It’s a small change that makes Roadhog a worse choice when your team is trying to break a ton of shields. It’s not the end of Roadhog or the beginning of a shield-only meta, but it’s a change that Blizzard should make more clear for players.
This happened with Moira as well, where her healing was bug-fixed to no longer penetrate barriers. Moira players had to carefully read through all of the bug fixes to discover that what they thought was a feature of playing Moira was actually a bug all along. Comparatively, the Moira change was a much bigger nerf that actually shifted her position in the meta.
But regardless of that, they’re both adjustments that change how you should play the hero. When you consider all of the little details that matter in this highly competitive, fast-paced shooter, and the severe lack of ways the game teaches you those things, adjustments and corrections like these should be highlighted better than a sentence under the bug fix section. When they carry that kind of an impact to gameplay, they deserve a more thorough highlight.

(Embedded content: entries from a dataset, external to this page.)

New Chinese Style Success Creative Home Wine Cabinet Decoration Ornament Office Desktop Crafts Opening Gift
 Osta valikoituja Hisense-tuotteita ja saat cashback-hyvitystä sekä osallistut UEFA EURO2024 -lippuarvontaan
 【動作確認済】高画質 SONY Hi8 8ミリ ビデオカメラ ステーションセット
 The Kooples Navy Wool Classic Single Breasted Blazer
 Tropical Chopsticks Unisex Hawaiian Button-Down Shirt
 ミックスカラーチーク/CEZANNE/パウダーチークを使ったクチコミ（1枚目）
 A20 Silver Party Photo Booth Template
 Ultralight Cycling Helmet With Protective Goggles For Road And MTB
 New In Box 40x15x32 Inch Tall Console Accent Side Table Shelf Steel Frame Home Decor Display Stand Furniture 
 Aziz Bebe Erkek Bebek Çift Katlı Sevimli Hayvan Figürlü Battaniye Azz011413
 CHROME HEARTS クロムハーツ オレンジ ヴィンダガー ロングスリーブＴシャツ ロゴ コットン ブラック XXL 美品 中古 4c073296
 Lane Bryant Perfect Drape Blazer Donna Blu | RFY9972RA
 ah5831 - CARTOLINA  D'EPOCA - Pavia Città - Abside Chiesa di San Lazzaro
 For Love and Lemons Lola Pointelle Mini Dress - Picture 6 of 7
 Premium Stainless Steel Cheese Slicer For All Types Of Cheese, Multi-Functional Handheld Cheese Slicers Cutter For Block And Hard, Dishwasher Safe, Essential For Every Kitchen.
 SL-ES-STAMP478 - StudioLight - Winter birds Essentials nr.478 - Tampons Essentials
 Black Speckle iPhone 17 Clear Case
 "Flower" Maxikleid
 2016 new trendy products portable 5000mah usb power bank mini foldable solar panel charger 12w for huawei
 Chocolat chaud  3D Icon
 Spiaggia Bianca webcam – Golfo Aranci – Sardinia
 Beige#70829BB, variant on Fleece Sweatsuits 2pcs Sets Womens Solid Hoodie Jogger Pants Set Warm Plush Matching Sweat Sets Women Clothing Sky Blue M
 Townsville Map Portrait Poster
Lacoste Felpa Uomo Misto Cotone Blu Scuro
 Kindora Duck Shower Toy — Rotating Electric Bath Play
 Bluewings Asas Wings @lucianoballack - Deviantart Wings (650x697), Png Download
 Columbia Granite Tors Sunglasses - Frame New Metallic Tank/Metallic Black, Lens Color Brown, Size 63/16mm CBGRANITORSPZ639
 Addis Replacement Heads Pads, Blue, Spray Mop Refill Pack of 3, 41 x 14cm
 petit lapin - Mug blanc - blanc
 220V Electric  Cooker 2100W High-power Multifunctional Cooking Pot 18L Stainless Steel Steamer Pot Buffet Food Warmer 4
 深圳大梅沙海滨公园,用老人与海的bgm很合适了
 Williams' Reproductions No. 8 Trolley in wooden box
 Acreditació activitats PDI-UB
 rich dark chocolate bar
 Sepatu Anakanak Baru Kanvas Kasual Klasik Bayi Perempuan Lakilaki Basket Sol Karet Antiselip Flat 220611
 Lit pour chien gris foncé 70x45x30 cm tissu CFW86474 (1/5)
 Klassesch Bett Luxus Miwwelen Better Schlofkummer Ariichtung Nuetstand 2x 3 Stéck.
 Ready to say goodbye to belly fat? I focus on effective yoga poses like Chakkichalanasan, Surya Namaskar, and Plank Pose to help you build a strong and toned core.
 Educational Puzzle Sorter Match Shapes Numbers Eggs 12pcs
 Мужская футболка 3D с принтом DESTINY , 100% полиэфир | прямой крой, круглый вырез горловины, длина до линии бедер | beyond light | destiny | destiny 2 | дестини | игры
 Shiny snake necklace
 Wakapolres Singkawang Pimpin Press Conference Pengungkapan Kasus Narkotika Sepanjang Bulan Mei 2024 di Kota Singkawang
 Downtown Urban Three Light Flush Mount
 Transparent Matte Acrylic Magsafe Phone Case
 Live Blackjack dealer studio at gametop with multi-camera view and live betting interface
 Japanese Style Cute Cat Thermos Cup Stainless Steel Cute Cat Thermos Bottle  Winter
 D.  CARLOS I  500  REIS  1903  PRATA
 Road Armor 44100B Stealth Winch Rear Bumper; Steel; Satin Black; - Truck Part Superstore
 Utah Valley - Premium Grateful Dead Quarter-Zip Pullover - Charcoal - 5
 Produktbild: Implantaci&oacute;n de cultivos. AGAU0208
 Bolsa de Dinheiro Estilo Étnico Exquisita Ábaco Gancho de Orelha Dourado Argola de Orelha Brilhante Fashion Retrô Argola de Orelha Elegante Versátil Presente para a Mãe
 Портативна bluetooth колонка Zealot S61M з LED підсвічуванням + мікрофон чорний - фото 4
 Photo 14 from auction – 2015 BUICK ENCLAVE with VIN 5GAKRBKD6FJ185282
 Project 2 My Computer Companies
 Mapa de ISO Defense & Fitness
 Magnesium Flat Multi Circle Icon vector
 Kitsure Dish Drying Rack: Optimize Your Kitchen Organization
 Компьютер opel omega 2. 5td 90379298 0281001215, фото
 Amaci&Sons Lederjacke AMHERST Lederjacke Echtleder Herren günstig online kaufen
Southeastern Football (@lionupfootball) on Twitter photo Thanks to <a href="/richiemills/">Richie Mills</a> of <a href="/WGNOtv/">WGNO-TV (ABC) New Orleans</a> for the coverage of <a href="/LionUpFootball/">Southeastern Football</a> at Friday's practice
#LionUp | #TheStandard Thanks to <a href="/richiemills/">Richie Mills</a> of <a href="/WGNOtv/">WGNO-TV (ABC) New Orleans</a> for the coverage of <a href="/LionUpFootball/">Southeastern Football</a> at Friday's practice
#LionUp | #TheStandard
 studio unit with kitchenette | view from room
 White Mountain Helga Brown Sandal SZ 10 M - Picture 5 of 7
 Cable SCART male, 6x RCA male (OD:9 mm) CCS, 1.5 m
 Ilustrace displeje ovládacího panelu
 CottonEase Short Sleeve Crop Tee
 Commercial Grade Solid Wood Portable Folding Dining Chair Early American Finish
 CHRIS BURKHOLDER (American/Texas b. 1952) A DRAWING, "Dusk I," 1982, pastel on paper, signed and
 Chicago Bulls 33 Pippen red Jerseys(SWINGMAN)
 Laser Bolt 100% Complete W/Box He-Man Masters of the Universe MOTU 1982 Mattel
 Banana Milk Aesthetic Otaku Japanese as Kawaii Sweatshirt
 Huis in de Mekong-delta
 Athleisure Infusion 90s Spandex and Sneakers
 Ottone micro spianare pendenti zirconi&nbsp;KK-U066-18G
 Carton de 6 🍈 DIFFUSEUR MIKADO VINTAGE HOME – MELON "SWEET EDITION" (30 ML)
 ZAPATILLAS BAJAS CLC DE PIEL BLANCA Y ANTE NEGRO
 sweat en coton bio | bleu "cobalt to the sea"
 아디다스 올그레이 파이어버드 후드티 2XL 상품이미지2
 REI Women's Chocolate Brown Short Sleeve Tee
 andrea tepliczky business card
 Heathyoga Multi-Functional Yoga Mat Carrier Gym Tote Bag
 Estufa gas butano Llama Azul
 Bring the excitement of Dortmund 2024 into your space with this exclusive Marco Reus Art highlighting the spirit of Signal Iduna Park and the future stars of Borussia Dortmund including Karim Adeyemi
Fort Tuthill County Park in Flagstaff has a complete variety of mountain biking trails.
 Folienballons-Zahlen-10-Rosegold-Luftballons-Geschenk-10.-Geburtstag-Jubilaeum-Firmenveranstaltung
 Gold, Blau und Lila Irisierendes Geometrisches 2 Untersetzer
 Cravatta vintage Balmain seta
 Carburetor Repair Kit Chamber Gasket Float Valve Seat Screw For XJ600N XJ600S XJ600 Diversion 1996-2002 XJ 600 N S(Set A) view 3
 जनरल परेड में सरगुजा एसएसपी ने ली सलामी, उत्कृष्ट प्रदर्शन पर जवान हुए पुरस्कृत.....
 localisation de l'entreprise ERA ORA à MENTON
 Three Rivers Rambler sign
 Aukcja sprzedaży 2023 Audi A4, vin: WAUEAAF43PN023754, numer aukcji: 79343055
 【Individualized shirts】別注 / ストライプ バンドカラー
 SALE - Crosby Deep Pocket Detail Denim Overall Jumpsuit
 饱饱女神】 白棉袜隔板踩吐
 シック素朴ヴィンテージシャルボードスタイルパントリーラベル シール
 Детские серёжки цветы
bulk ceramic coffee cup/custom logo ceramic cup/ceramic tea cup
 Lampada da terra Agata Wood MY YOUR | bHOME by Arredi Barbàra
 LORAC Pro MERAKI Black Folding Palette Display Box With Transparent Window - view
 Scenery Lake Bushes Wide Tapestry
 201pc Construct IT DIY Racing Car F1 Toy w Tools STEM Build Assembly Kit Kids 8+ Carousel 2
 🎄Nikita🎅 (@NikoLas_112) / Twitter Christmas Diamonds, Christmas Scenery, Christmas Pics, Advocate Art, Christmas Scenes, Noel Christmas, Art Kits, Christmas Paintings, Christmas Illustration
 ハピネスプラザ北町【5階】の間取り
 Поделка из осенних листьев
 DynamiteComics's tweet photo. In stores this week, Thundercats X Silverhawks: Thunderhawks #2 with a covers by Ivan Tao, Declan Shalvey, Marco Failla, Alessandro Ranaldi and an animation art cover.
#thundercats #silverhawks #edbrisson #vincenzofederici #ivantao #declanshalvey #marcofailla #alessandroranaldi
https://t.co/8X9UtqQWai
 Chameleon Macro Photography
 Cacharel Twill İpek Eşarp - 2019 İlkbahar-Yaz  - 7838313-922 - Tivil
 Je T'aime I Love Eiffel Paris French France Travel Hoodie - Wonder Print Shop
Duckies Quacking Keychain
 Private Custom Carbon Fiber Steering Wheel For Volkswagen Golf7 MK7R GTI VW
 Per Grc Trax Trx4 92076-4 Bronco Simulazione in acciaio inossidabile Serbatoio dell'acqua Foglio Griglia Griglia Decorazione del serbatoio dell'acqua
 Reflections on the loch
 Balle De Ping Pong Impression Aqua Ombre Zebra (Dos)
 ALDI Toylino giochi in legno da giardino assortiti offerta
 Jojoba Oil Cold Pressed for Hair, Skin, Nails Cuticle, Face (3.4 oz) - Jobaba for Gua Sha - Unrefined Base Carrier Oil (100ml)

Blizzard has said in the past that they plan to be better at listing out the changes that happen in patches, but they’ve clearly got a long way to go. There’s still cases where changes aren’t even in the notes at all. Other competitive games even put patch notes and changes in the game’s launcher or the game itself. Overwatch has so much going on that it would be nice to know the exact changes from patch to patch. Hopefully we’ll see improvement on this in the future, but for now, we’ll just have to keep digging.